The claimants sought permission to re-amend their particulars of claim.
In the original particulars of claim, the claimants had alleged that the defendant accountants had acted negligently in recommending to them three tax-avoidance schemes, all of which were subsequently challenged by HMRC. The schemes in question were two funded unapproved retirement benefits schemes entered into in 2001, a film scheme investment made in 2001 and a bonus scheme, entered into in 2003, which minimised national insurance contributions and income tax. In the re-amended particulars of claim, the claimants made two main allegations, namely that the accountants should have informed them of a conflict of interest (it was said that the accountants had been involved in designing or creating the three tax-avoidance schemes) and that they should have advised them of the availability of alternatives to the three schemes.
The issues were whether, for the purposes of the Limitation Act 1980 s.35, the re-amendments added a new claim and, if they did, whether the new causes of action arose out of the same facts or substantially the same facts as had already been pleaded.
The allegations of conflict of interest did not seek to introduce a new duty but rather sought to add a further respect, based on new factual issues, in which the accountants had acted in breach of duty. The re-amendments did raise a new cause of action, because important and significant new facts had to be pleaded to support it. For the same reason, it did not arise out of the same or substantially the same facts as the currently pleaded claim. The re-amendments would not therefore be allowed. As to the allegations that the accountants should have advised the claimants of the availability of alternatives to the three schemes, it would be appropriate to allow the re-amendments insofar as they related to the film scheme. That was because the allegation had been made in the original particulars of claim; the claimants were merely seeking to add uncontroversial wording to their pleading.
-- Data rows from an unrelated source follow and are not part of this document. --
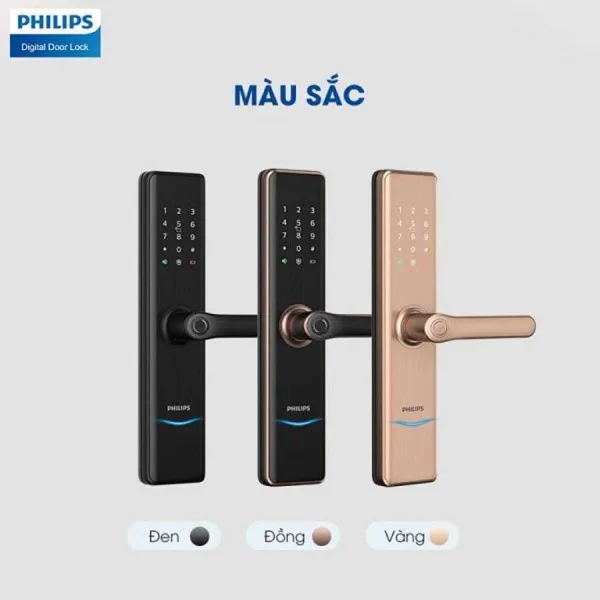 Khóa cửa thông minh Philips 7300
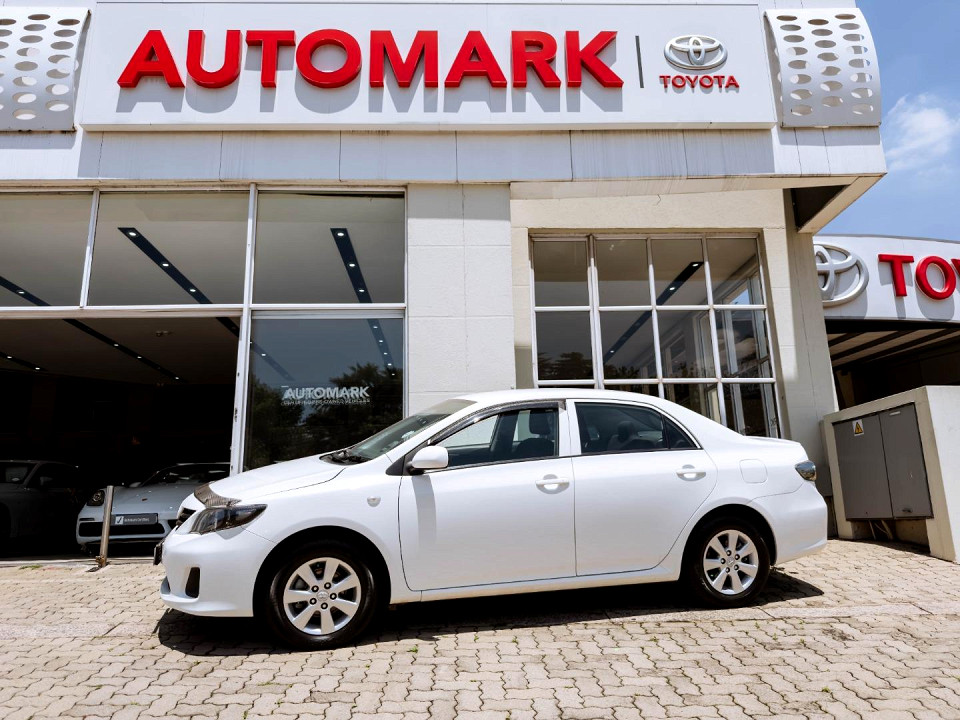 TOYOTA COROLLA QUEST 1.6, image 1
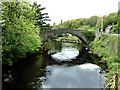 Bridge over the River Earn to The Ross - Comrie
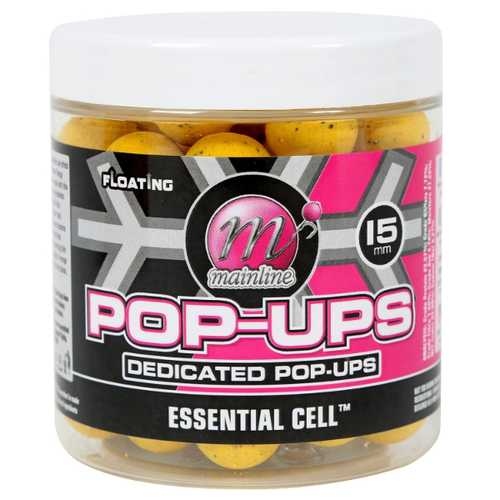 Mainline - Dedicated Base Mix Pop Ups Essential Cell - 15 mm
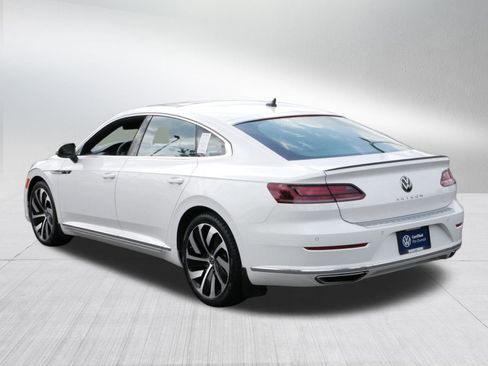 Certified 2021 Volkswagen Arteon SEL image 5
However, it would not be appropriate to allow the re-amendments insofar as they related to the other two tax-avoidance schemes. The claimants might be relying on the already pleaded duty of care, but they were introducing a significant new respect, based on wide-ranging new factual issues, in which the accountants had acted in breach of that duty. Further, the re-amendments also entailed a significant change to the way in which damages were claimed. It was now alleged that, as opposed to the previously pleaded case that they would have done nothing, the claimants would have entered into one of the alternative schemes. Nor did the new allegations arise out of the same or substantially the same facts as would be litigated under the existing pleading. It was obvious that the new claim raised a host of new factual issues and that it had led to a complete recasting of the claimants' damages claim (see paras 14, 18, 21-24, 26, 30-32 of judgment).